Boeing announced on May 25 that, in partnership with sub-contractor Korean Aerospace Industries and other key suppliers, it has delivered the first new wing set for the A-10C Thunderbolt II fleet to the US Air Force.
The wing set arrived earlier the same month at Hill Air Force Base in Ogden, Utah, where the Air Force has started aircraft integration. Lt Col Jaclyn Melton, materiel leader for A-10 Programs in the A-10 System Program Office at Hill Air Force Base, said: “Boeing is working diligently to deliver greatly needed new wings for the A-10 fleet.”
Boeing was awarded a contract on August 21, 2019, for up to 112 new A-10 wing assemblies and up to 15 wing kits and is currently working to provide the USAF with 50 wing sets. Each wing set consists of outer wing assemblies, centre wing assembly, control surfaces and the fuselage integration kit. The upgraded wings are more durable, efficient and easier to maintain, extending A-10 flying life to 10,000 hours.
Dan Gillian, vice president of US Government Services for Boeing Global Services, said: “The A-10 serves a critical role for the Air Force and Boeing is proud to extend our legacy of supporting the Thunderbolt and its mission. In partnership with the Air Force and our established supply base, we have started full rate production and are actively supporting the customer’s installation schedule.”
The A-10 wing programme was previously a dry line, with tools and equipment housed in long-term storage. Boeing Global Services revived the tooling and activated the supply base within 12 months of contract award. The company’s previous experience with the A-10 includes delivering 173 enhanced A-10 wing assemblies under an earlier, separate contract. The USAF had announced on August 12, 2019, that it had completed installation of those wing assemblies on all 173 aircraft. Boeing had originally been awarded a $2bn contract in 2007 to manufacture news wings for 242 A-10s, but the contract had been allowed to lapse by the USAF after only 173 new wing sets had been produced.

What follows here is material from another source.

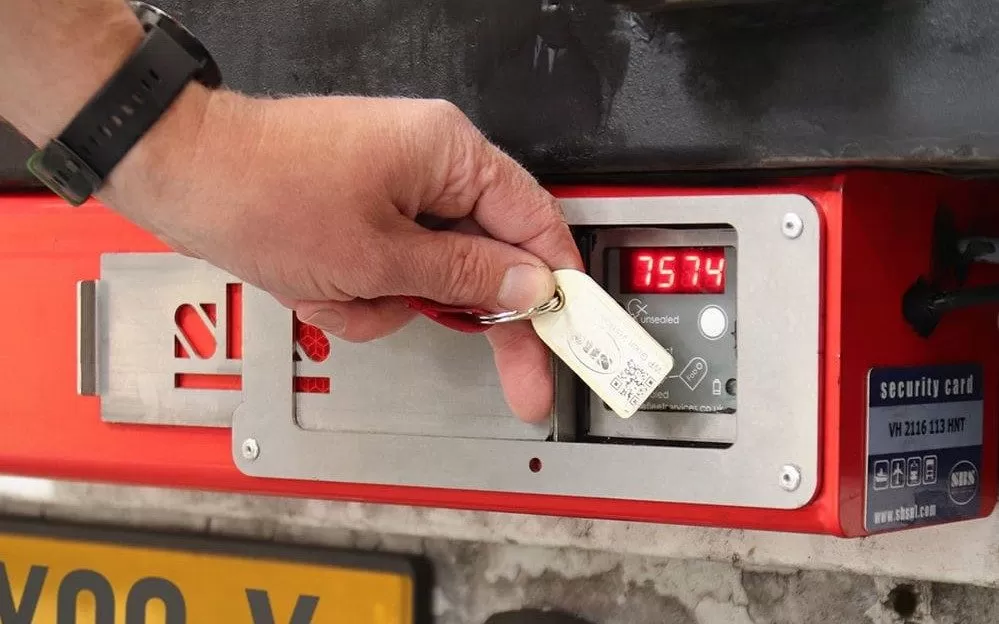 SBS Hornet, o nouă soluție pentru securizarea semiremorcilor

In recent years there have been numerous attempts by the USAF to prematurely retire the A-10C, citing high maintenance and manpower costs in keeping it airworthy, but each effort has been thwarted by Congress. Instead, the USAF has been forced to keep the type operational, with the intention of keeping it in service through to the 2040s. Over 280 currently still remain in USAF service while in addition a further 51 A-10Cs and 49 older model A-10As are in storage with the 309th Aerospace Maintenance and Regeneration Group at Davis-Monthan Air Force Base, Arizona.